| DATA PROVIDED |
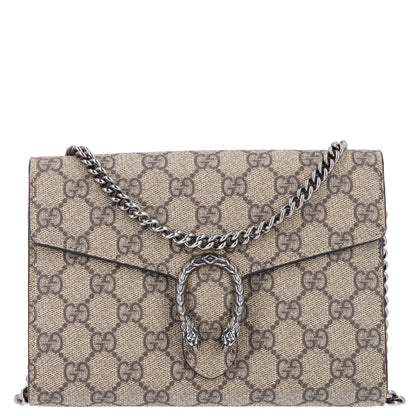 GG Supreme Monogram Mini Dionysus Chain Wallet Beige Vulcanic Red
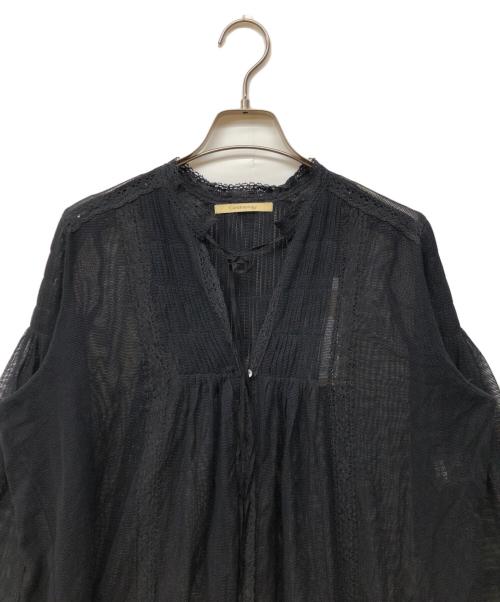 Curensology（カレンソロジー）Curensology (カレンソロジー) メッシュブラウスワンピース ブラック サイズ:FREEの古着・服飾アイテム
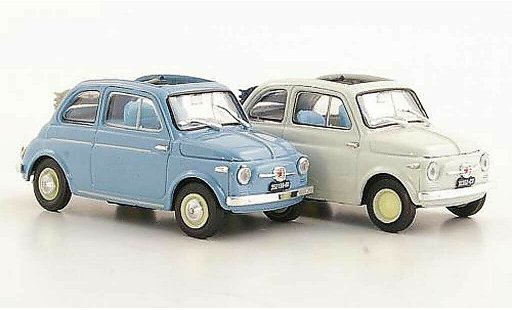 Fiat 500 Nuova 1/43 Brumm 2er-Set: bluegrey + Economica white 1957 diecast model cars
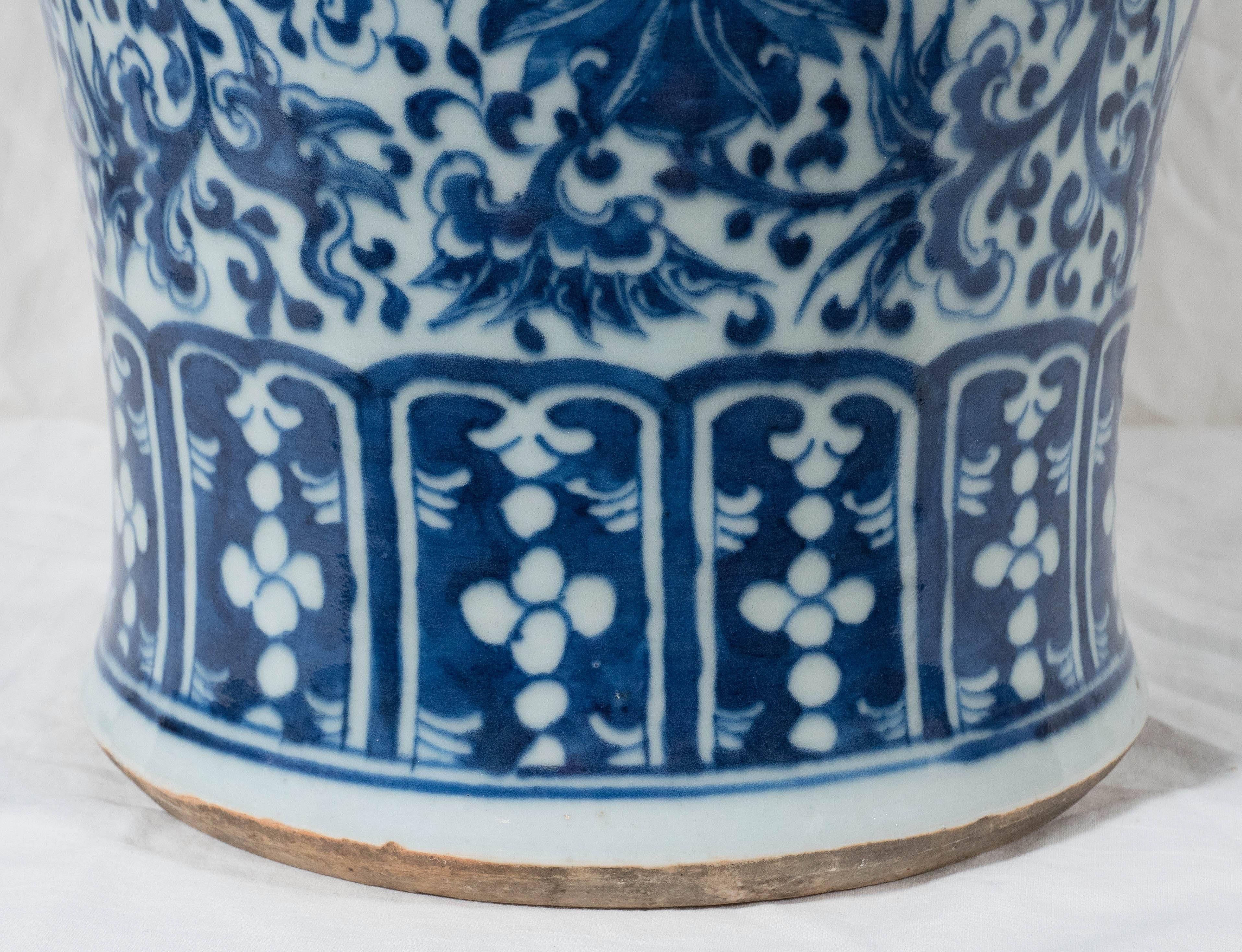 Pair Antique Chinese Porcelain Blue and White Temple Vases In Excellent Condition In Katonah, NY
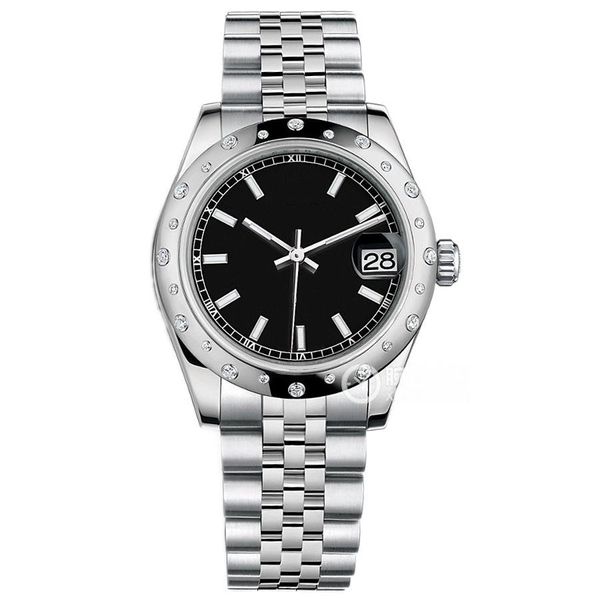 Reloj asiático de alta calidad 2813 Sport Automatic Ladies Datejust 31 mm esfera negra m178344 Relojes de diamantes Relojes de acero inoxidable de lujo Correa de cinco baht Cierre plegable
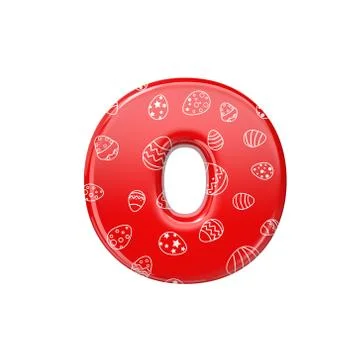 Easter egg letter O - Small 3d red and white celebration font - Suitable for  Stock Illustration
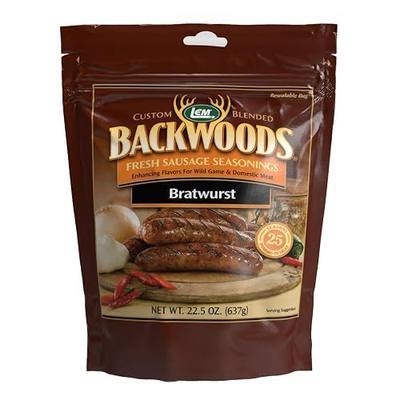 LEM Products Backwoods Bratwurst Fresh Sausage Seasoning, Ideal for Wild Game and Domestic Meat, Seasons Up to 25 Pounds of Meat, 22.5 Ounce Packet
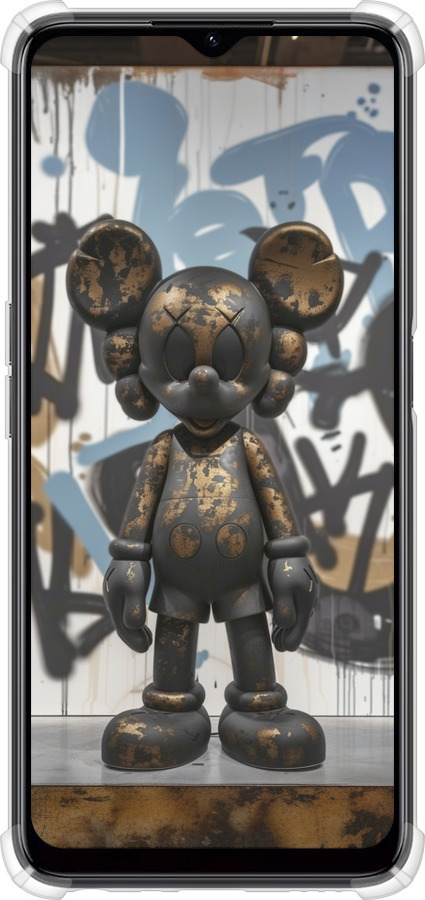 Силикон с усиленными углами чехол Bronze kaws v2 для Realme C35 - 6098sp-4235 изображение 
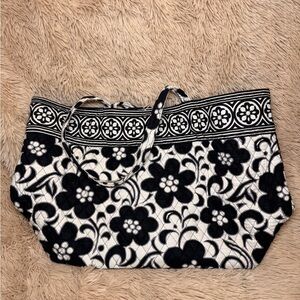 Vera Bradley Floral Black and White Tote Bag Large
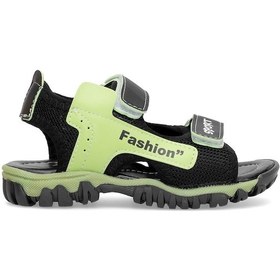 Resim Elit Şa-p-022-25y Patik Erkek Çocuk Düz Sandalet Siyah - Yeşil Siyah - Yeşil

| EXERCISE |
Every line from the one containing "LEM Products Backwoods" through the final line of the records above is to be written out exactly; nothing else, and no pictures.

| ANSWER TO THIS PROBLEM |
 LEM Products Backwoods Bratwurst Fresh Sausage Seasoning, Ideal for Wild Game and Domestic Meat, Seasons Up to 25 Pounds of Meat, 22.5 Ounce Packet
 Силикон с усиленными углами чехол Bronze kaws v2 для Realme C35 - 6098sp-4235 изображение 
 Vera Bradley Floral Black and White Tote Bag Large
 Resim Elit Şa-p-022-25y Patik Erkek Çocuk Düz Sandalet Siyah - Yeşil Siyah - Yeşil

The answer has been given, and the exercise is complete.